Pianist Murray McLachlan has been a stalwart champion of new British music for some time now. One only needs to think of his fascinating recording of the music of Eric Chisholm, for example (which I reviewed in Fanfare 32:6 and 33:2). Here he takes on the cause of John Ramsden Williamson.

The first music we hear is the 12 New Preludes of 1993 (apparently composed in a single day, Nov. 2). Each is based on a key center, rising from C to B. There is some powerful expression at work here. The ninth piece, “Lament for Laddie,” is particularly effective (a note tells us that this was written on the death of a precious dog) and is also at 4:11, the longest of the set. McLachlan despatches the more virtuoso preludes (No. 10 in A, for example) with aplomb, but he seems most inspired in the slow, more beautiful numbers (No. 11 being a case in point). These preludes are balanced by the Palindromic Preludes of some three years later. The movements include a touching “Carol (Lullaby for the Baby Jesus),” and a movement simply titled “Madness,” which does, indeed, via much use of tremolo, sound decidedly disturbed. The Palindromic Preludes is more wide-ranging than the earlier set and so is perfectly balanced by the simple Second Piano Sonatina of 1990.

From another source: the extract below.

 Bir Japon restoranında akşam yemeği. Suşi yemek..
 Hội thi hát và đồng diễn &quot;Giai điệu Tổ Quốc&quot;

The Piano Sonata No. 2 of 1991 is clearly a carefully considered work. McLachlan is able to convey a clear sense of direction throughout the opening, noble Maestoso. Lasting some 20 minutes, it explores a wide range of territory. The nostalgia of the second movement is balanced by an active Alla scherzo. The Forth Sonata (1998) appears on Vol. 2, after another set of Palindromic Preludes (Set 5, lasting some 27:49). This set is more substantial musically, also McLachlan manages to project the sense of exploration here. The Fourth Sonata continues the composer’s fascination with the palindrome. It contains some memorable writing, particularly in the more lyrical sections. The longest and most substantial movement is the second, a Pastorale of hypnotic beauty, and McLachlan does the piece full justice.

The set of Seven Interval Studies (2001) is directly influenced by Debussy’s études. Williamson alternates moods and, again palindrome is in evidence. McLachlan gave the world premiere of this piece at Chethams School of Music, Manchester, in August 2002. Interesting to note that the final piece on this volume, the Lament for Sarah , is an extract from a work for solo harp. Heard as a piano solo, its remit is to appear as a reflection of the composer’s own sadness subsequent to the loss of a granddaughter, aged seven, in 1998. It is a thought-provoking way to end the second disc.

The third and final volume of piano music begins with 12 extracts from 19 sets of Palindromic Preludes (each of which contains 12 preludes). The sequence is evidently carefully considered, and McLachlan reacts to the varied moods like a pianist chameleon. McLachlan’s clean attack is particularly evident in the third extract, an “Hommage to Chopin.” The jagged nature of the first movement of the Sixth Piano Sonata (2004) speaks of a seriousness of intent that is to carry on into the slow movement and beyond. Even the Scherzo is determined and stubborn rather than overtly playful. The third volume seems to concentrate more on larger pieces than its predecessors. In the 13 Variations on a Tone Row of 2007, as the composer puts it, “new horizons are explored” and indeed, there is a searching element readily audible in the musical flow. The final set of Seven Two-Part Inventions (2008) is this volume’s sign-off piece, and its lightest. There is a Bachian purity at times here that is most beguiling.

The recording quality throughout is a little lacking in depth. Although the bass register is not weak, the piano has limited presence. Nevertheless, those tempted to explore Williamson’s music will not be disappointed. It is worth pointing out that sound samples of these discs can be found on the Divine Art Web site.